Os políticos vêm da nossa sociedade, no presente e ao longo de toda nossa história. E como sociedade, lá por 1880-1900, as ideias liberais prevaleciam sobre as coletivas, que influenciaram no livre mercado, na educação laica, na promoção da imigração e na economia liberal.

Desde a década de 30 em diante, as ideias liberais foram se diluindo em favor de um estatismo preocupado em se infiltrar e ir crescendo em detrimento das liberdades individuais. Na economia, e talvez fomentado pelos políticos, começou a se formar um corporativismo populista cujas características podem ser resumidas no "populismo macroeconômico" de Edwards e Dornbusch: um expansionismo fiscal pelo aumento dos gastos, minimizando o problema da inflação e indiferente à necessidade de tomar dívida externa. As consequências são o esvaziamento dos cofres do Banco Central e o financiamento deficitário: resultado de um modelo cultural sem regras fiscais.

Este modelo cultural se fundamenta em um Estado central e redistribuidor de riquezas, que, mediante altas taxas de impostos e regulações, obstrui o crescimento do setor privado e gera uma dependência do cidadão em relação ao governo. Com o tempo, não apenas delegamos ao Estado nossa educação e saúde, mas também exigimos o acesso a serviços e transporte a custos inexplicavelmente baixos. Como resultado da inflação, o mercado não funciona adequadamente, obrigando-nos a depender de subsídios estatais para férias, parcelas acessíveis financiadas pelo governo, acesso à habitação e outras necessidades, as quais se tornam responsabilidade do presidente em exercício.

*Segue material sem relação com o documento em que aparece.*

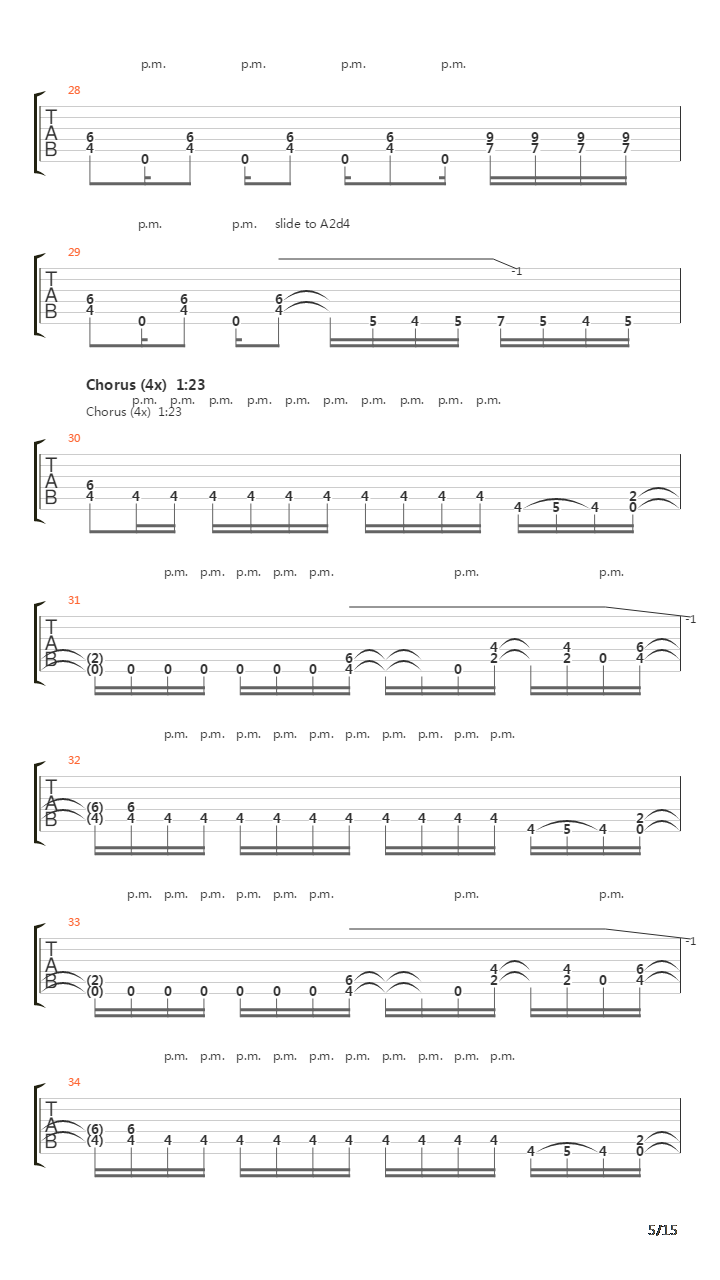 Marching To Die吉他谱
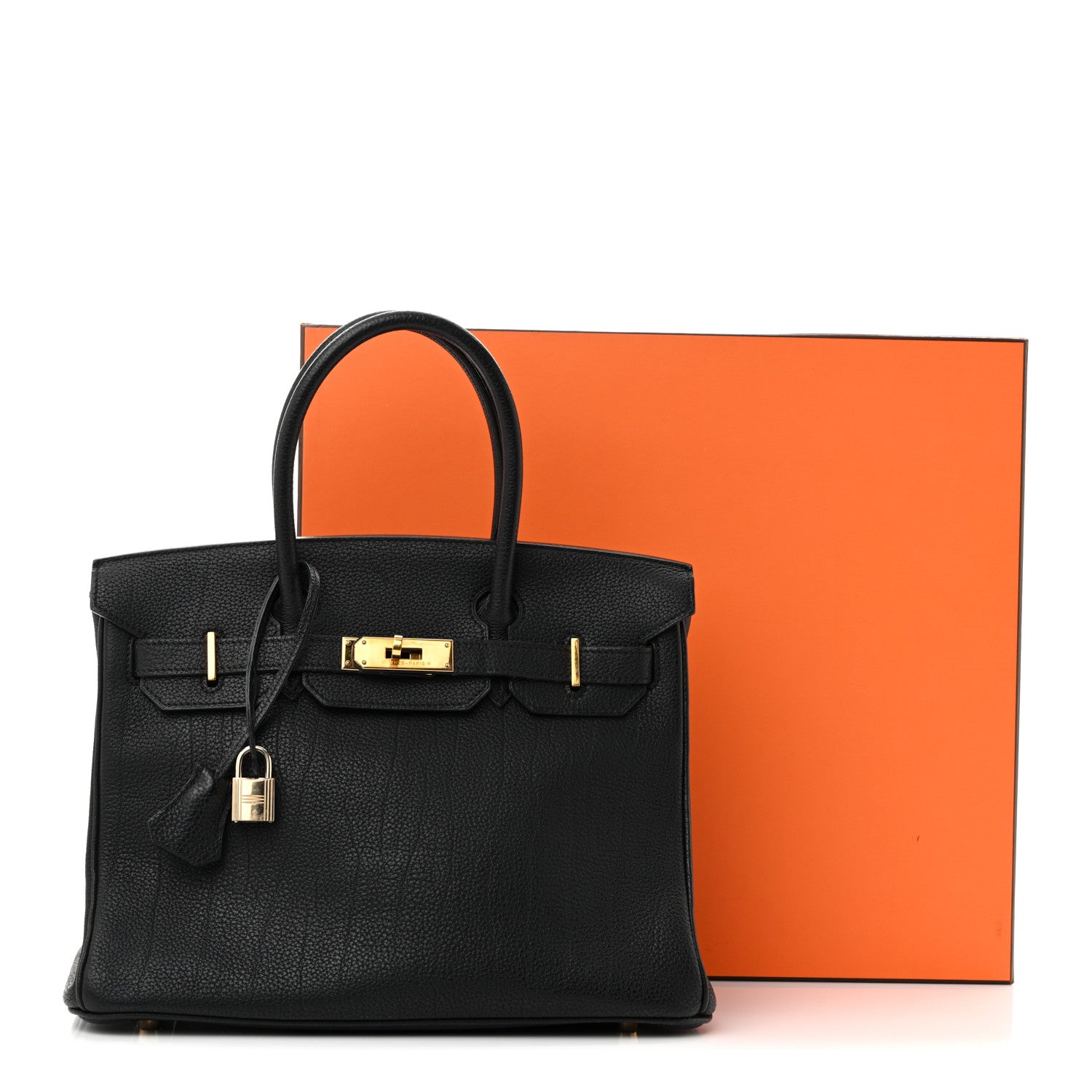 Togo Birkin 30 Black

A nível social, nos afastamos de entender que não se pode gastar mais do que se recebe. Segundo uma pesquisa do CAF e do BCRA em 2018, a Argentina é um dos países com pior classificação em educação financeira a nível mundial. Na mesma pesquisa, 70% reconheceu ter tido problemas para cobrir seus gastos, utilizando o endividamento como meio de pagamento, e apenas 29% afirmou ter poupado, o que mostra um dos percentuais mais baixos do mundo. Os países que lideram a pesquisa são França, Finlândia, Canadá e Noruega.

Segundo a Pesquisa sobre Capacidades Financeiras do Banco de Desenvolvimento da América Latina, uma medição sob o indicador “Índice de Atitudes e Condutas”, que mostra a inclinação dos indivíduos para atitudes favoráveis ao seu bem-estar financeiro, como suas preferências em relação ao gasto ou à poupança, se estabelecem metas financeiras a longo prazo, se levam em conta sua capacidade de pagamento ao realizar compras, entre outros aspectos, resulta no menor índice da região para a Argentina, entre os países analisados (Chile, Colômbia, Equador, Peru e Bolívia): 6,2 pontos, sendo 1 o nível mais baixo, e 10 o mais alto.

Os argentinos não têm educação financeira, e a evidência empírica mostra isso. Não sabemos aplicar, por desconhecimento e às vezes por vontade, a regra fiscal nem pretendemos avançar em atitudes poupadoras, e por isso também não prevenimos o endividamento. Isso pode levar-nos a considerar que os recursos são infinitos e que a capacidade de pagamento não é uma questão primordial na hora de tomar decisões.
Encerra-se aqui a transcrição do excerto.